Keywords

These keywords were added by machine and not by the authors. This process is experimental and the keywords may be updated as the learning algorithm improves.

1 Introduction

Recent advancements in Web 2.0, people can’t be regarded as simple content reader they can also contribute content as writers. Web 2.0 introduces concepts like social network, blog and microblogs with internet users. Users share their opinions, feelings, images, favorite videos and other user’s contributions as microblog content.

Microblogs differ from blogs. Microblogs have size limitation for content. Twitter is one of the most popular microblog applications because of its easy sign up process, easy to use and mobile access. It has limitation of 140 characters for content. User contribution is called as tweet in Twitter.

In Twitter users can follow other users with respect to their field of interest. Followers expect users who are followed in terms of their categorical information, to share content about their field of interests. This study aims to evaluate two types of users’ contents according to specifying they reflect their category or not.

Users can find out microblogger’s category information with using some applications such as wefollow.com. Users can describe their field of interests and category which they provide tweet about. Because of the character limitations microbloggers’ contents can consist of abbreviations and nonsense words so this decrease success of classification. In this chapter, we aim to eliminate this kind of features that lead to decrease success of classification.

Similar studies can be separated into two area. First one is to find out user who shares similar interest. Second is to obtain patterns from microblogs. Degirmencioglu [1] extracts word-hashtag, word-user and hashtag-user pairs from tweets to discover users’ common interest areas. Yurtsever [2] classifies microbloggers according to their contents with using semantic resources. Akman [3] extract categorical features from 150 microbloggers’ contents. Aslan [4] uses news pattern similarity for discovering microbloggers who broadcast news content. Pilavcilar [5] classify texts with using text mining techniques that some of them are used in this study. Güc [6] uses microbloggers’ contents and text classification techniques to measure convenience of users’ categories.

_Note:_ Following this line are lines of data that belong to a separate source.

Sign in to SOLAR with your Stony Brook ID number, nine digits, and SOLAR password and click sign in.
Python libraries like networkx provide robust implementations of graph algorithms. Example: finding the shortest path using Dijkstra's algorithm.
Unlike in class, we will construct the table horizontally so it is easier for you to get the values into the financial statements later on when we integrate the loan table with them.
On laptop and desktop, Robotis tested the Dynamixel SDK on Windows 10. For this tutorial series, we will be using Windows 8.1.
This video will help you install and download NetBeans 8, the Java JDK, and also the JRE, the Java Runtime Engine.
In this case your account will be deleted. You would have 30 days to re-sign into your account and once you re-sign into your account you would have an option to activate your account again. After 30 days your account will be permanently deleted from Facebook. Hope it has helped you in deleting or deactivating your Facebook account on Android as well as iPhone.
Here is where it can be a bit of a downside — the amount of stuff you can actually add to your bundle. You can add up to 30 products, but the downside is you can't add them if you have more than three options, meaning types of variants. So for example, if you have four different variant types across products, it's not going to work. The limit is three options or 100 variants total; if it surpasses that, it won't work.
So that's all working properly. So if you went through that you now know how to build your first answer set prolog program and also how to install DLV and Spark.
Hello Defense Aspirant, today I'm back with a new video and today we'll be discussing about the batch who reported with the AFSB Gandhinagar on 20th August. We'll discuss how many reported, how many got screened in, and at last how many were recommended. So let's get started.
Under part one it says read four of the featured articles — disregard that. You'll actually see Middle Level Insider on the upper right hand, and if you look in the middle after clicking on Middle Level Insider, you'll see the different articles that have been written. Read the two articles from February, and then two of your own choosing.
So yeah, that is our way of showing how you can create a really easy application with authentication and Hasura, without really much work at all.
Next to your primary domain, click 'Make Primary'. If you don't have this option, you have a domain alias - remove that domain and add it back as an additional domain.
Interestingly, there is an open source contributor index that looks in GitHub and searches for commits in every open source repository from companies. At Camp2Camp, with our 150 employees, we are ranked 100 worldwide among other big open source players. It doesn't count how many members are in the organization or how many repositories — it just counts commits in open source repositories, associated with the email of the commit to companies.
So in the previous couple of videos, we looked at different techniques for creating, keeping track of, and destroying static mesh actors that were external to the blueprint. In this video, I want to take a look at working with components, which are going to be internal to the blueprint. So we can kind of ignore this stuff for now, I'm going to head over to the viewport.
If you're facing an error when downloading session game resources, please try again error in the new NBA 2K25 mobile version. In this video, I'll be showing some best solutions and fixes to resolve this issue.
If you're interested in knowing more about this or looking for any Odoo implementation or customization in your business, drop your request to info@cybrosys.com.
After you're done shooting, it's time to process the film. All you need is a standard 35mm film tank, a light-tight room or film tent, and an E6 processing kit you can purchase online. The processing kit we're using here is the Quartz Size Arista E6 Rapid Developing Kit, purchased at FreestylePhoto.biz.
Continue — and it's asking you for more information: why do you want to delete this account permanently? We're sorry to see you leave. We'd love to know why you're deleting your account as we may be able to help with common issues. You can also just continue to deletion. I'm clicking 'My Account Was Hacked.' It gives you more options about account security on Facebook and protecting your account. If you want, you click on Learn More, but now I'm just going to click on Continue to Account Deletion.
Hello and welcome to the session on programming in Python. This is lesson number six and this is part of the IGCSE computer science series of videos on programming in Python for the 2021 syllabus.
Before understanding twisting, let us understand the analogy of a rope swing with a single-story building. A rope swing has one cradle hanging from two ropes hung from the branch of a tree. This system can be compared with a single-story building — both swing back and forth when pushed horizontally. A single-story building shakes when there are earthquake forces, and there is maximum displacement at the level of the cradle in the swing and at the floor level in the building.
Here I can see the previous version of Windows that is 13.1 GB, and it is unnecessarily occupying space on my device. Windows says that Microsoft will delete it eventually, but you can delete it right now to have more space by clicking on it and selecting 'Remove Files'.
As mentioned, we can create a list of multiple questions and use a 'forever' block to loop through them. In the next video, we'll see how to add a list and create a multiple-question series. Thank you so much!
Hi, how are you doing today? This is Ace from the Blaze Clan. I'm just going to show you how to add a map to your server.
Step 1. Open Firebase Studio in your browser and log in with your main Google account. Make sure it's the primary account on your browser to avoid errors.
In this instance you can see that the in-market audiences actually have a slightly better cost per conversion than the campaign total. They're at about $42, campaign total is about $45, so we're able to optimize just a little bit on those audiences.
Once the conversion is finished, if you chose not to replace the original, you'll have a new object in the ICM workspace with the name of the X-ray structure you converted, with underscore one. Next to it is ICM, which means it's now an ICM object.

In this study in part two we examine data sets and their features. In third part analyzing prepared model and model steps to find out users whose contents are more valuable for its related category. In last part, we refer classification results and feature work.

2 Data Sets

This study consists of two parts. First part is training part and second is test part. Training part data consists of RSS news feeds. Content suppliers like BBC, CNN, SKYNews provide their subscribers news with RSS format. RSS is a kind of web feed format like atom. Users can follow news with using web browsers or aggregators. We use RSS4j java library for getting RSS news feeds. 3337 RSS news feeds whose category is one of the four categories which are economy sport, entertainment or technology. 924 entertainment, 738 technology, 721 economy and 954 sport RSS news feeds are taken for build training model.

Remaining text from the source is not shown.